[Stored data entries]
◆ ◆ ◆ ◆

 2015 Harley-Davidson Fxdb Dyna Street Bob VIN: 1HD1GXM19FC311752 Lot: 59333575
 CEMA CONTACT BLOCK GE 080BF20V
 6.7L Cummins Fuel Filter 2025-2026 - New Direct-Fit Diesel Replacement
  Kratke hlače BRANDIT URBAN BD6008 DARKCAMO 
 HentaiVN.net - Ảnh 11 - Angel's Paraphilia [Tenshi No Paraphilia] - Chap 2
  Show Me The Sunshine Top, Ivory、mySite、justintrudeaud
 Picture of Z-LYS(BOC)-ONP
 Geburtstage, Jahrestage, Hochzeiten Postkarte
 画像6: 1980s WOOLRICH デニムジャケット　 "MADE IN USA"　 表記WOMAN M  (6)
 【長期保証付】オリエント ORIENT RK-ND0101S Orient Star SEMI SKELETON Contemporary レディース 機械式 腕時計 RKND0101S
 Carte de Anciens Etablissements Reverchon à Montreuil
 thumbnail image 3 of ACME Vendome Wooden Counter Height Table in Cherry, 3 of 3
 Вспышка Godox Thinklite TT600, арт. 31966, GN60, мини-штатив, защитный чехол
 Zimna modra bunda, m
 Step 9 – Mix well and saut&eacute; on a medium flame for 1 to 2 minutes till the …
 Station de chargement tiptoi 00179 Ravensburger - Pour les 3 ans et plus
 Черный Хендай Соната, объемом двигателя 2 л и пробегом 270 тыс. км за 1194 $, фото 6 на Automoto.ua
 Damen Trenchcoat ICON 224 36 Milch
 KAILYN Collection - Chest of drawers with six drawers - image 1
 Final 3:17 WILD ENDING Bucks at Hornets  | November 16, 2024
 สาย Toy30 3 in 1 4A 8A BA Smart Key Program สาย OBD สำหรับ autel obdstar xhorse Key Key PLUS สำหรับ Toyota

◆ ◆ ◆ ◆

- _INSTRUCTIONS TO FOLLOW_
Filter the records down to the lines that contain the string "image", and copy those lines.

- _SOLUTION TO THIS PROBLEM_
 thumbnail image 3 of ACME Vendome Wooden Counter Height Table in Cherry, 3 of 3
 KAILYN Collection - Chest of drawers with six drawers - image 1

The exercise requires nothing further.